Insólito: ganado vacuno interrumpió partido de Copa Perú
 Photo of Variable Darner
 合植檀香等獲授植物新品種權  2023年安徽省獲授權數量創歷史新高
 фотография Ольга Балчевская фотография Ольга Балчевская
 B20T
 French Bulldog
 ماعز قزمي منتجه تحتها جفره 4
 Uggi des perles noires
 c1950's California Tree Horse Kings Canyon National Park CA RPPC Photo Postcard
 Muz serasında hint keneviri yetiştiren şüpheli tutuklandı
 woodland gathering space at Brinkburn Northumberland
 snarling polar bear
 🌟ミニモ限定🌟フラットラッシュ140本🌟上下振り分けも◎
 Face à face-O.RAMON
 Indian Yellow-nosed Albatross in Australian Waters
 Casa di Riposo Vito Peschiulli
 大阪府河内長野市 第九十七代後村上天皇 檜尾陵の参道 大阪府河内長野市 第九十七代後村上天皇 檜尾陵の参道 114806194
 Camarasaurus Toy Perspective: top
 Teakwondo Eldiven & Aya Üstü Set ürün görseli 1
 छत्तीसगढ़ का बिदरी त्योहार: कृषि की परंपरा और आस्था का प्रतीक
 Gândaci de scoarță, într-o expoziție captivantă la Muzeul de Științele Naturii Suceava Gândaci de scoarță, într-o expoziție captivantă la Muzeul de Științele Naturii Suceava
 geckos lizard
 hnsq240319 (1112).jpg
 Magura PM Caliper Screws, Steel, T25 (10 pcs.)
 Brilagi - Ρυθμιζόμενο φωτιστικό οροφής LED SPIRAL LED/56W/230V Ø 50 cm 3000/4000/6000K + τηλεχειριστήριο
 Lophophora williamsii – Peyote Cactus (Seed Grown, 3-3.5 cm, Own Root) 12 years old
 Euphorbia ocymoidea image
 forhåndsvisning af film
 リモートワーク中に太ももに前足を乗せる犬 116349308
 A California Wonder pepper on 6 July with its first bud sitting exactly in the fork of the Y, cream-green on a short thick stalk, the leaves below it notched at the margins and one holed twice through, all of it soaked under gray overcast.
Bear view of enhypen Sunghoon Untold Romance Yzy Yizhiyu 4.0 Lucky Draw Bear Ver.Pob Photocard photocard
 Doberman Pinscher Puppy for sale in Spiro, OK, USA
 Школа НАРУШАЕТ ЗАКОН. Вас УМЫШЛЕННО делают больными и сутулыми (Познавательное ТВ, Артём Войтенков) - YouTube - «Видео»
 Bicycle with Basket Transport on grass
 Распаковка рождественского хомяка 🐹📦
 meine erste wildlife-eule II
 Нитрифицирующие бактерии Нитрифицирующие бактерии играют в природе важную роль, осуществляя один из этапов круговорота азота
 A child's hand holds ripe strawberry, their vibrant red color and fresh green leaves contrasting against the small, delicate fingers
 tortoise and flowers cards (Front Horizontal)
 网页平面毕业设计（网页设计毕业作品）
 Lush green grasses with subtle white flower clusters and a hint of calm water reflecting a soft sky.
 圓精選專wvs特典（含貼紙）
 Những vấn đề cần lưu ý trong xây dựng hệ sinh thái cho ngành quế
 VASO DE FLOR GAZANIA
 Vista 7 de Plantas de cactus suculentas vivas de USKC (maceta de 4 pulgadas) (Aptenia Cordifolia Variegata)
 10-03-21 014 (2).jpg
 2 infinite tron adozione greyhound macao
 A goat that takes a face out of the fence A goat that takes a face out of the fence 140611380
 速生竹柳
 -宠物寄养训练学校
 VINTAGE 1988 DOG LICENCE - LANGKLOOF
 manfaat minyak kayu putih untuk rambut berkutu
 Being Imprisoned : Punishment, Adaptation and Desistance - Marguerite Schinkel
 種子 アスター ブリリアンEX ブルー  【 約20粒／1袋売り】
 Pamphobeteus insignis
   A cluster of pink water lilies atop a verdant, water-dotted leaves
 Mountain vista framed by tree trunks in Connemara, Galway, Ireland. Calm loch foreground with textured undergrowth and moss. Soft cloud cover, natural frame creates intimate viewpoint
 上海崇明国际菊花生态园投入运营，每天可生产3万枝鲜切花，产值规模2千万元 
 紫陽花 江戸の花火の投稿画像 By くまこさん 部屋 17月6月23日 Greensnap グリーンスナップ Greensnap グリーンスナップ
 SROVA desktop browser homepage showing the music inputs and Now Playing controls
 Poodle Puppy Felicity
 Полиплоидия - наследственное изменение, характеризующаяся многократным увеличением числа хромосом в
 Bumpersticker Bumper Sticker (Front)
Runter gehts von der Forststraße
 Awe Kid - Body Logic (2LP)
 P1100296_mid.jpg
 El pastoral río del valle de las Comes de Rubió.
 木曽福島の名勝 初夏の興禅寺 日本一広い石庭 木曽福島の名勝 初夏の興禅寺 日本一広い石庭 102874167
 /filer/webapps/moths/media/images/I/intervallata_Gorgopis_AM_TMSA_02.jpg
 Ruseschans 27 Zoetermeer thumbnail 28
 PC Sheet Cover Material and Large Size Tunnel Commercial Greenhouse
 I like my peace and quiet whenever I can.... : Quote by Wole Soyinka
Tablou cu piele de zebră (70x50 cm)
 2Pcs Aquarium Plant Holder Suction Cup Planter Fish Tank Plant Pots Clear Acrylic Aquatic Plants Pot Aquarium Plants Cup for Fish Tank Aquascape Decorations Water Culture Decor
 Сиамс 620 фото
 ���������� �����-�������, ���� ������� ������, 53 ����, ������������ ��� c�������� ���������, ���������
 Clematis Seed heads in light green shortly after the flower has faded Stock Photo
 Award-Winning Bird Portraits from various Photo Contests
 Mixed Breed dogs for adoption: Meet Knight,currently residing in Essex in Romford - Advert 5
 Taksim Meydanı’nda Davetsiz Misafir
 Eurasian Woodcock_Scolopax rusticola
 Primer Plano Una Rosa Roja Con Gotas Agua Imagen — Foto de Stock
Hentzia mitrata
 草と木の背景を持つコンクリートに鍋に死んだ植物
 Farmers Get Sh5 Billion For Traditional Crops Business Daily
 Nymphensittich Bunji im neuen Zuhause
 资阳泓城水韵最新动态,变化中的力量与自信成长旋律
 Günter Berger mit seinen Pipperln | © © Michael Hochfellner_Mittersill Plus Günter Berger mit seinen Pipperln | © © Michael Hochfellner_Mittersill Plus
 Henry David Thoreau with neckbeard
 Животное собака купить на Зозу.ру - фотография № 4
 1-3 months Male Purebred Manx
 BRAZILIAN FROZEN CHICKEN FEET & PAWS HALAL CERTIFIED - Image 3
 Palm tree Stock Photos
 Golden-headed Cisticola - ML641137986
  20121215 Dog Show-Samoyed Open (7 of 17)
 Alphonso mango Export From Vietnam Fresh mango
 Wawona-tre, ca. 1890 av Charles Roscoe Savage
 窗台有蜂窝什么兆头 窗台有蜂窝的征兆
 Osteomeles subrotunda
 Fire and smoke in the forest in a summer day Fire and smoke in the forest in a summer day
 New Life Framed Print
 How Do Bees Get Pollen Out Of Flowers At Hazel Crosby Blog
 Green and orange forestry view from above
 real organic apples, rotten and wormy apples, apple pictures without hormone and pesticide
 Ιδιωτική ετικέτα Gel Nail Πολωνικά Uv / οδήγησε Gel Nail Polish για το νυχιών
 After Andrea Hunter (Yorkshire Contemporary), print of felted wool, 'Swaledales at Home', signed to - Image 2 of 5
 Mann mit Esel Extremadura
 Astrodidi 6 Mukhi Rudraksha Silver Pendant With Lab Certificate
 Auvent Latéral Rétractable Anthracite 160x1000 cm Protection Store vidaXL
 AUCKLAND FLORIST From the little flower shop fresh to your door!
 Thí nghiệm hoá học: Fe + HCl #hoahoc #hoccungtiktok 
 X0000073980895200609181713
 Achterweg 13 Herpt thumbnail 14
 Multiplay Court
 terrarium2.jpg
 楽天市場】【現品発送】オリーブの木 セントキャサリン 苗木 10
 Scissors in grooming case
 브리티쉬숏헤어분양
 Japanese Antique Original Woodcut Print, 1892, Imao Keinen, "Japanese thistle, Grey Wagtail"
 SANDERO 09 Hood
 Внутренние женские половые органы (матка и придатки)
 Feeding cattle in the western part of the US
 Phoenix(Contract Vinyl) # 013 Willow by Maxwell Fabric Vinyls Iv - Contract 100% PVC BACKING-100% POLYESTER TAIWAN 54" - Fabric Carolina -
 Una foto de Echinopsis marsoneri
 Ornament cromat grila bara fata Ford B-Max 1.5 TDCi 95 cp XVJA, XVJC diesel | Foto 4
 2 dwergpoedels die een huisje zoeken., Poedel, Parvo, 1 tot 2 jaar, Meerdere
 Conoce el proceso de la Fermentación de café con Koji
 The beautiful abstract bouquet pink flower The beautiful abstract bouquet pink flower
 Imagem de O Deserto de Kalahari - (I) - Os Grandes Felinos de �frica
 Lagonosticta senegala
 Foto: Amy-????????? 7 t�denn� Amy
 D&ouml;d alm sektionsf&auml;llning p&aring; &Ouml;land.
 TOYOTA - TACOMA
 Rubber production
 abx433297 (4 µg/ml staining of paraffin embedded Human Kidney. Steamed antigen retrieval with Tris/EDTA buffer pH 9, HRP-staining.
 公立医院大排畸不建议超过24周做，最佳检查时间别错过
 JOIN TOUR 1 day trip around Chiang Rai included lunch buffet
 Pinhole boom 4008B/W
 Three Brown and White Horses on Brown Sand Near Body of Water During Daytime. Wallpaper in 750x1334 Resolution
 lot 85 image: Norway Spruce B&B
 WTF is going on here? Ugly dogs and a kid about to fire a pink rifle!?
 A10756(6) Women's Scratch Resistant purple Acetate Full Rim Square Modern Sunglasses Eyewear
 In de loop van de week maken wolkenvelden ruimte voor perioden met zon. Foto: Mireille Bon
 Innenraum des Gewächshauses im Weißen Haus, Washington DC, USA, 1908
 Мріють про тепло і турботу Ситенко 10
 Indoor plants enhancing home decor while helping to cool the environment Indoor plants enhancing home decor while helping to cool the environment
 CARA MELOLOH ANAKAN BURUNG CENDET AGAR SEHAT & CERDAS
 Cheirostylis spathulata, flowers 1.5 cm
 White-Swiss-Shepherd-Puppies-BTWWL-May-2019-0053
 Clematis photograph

+ + + + +

- _What you should do_:
Begin at the line above that has "Una foto de Echinopsis marsoneri" and stop after the line that has "Pinhole boom 4008B/W", copying each line exactly and adding nothing else.

- _Problem solution_:
 Una foto de Echinopsis marsoneri
 Ornament cromat grila bara fata Ford B-Max 1.5 TDCi 95 cp XVJA, XVJC diesel | Foto 4
 2 dwergpoedels die een huisje zoeken., Poedel, Parvo, 1 tot 2 jaar, Meerdere
 Conoce el proceso de la Fermentación de café con Koji
 The beautiful abstract bouquet pink flower The beautiful abstract bouquet pink flower
 Imagem de O Deserto de Kalahari - (I) - Os Grandes Felinos de �frica
 Lagonosticta senegala
 Foto: Amy-????????? 7 t�denn� Amy
 D&ouml;d alm sektionsf&auml;llning p&aring; &Ouml;land.
 TOYOTA - TACOMA
 Rubber production
 abx433297 (4 µg/ml staining of paraffin embedded Human Kidney. Steamed antigen retrieval with Tris/EDTA buffer pH 9, HRP-staining.
 公立医院大排畸不建议超过24周做，最佳检查时间别错过
 JOIN TOUR 1 day trip around Chiang Rai included lunch buffet
 Pinhole boom 4008B/W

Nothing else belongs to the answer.